On Jan 2, 4:59 pm, Richard Clark wrote:
On Wed, 31 Dec 2008 08:50:28 -0800 (PST), wrote:
On Dec 23, 12:39 pm, Richard Clark wrote:
Nothing astonishes me more than the simple dash-off notes that claim
power measurement is a snap. I can well imagine, Jim, that you don't
do these measurements with traceability to the limits you suggest.


In point of fact, I *do* make measurements like that,


I note you slip loose from the constraint of "traceability." Doing
measurements "like that" is vastly different in outcome and holds
accuracy claims like a sieve holds water.

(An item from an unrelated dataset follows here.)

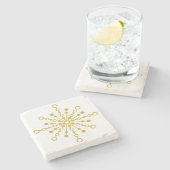 レトロ原子中世紀デザイン金ゴールドカラーカスタム ストーンコースター (横)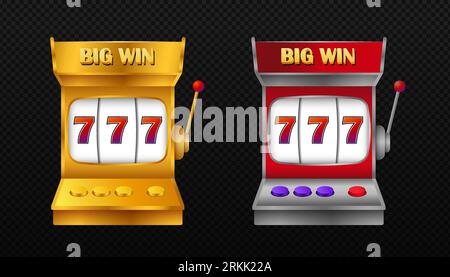 Der goldene Spielautomat gewinnt den Jackpot. Stock Vektor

Traceability only applies when you need absolute measurements, and
there you will need something as a standard, since most RF power
measurements are really more of "transfer" measurements. Since power
is basically an energy measurement, then all manner of calorimetric
approaches will work (or radiometric, if you're working in
microwaves).. then it comes down to how accurately you can measure/
hold temperature. It comes back to what's a reasonable thing for a
ham to have that can serve as a local standard. Time/frequency are
clearly the easiest to get to high precision (1E-10 is straightforward
these days with a GPS disciplined oscillator), voltage is a bit
tougher.. 1ppm would be very, very good for hams, 1e-4 seems plausible
with decent high quality voltage references that cost $100.
Temperature to 0.1 degree should be doable, so that gives you a part
in 3000, roughly.

A ham seriously interested in 0.1 dB measurements will probably be
able to scrounge up something to use as a transfer standard and
scrounge up a way to get it calibrated. For instance, Noise/Com used
to offer a discounted calibration service for sources based on their
noise diodes. Once you've got a standard, if you take care of it, then
you can use it for lots of things.

The original question had to do with accuracy of measurements vs NEC,
and those would be relative, and, I maintain, not too tough to do to
0.1 dB, because you're making comparison measurements with the same
sensor, at pretty much the same level, etc.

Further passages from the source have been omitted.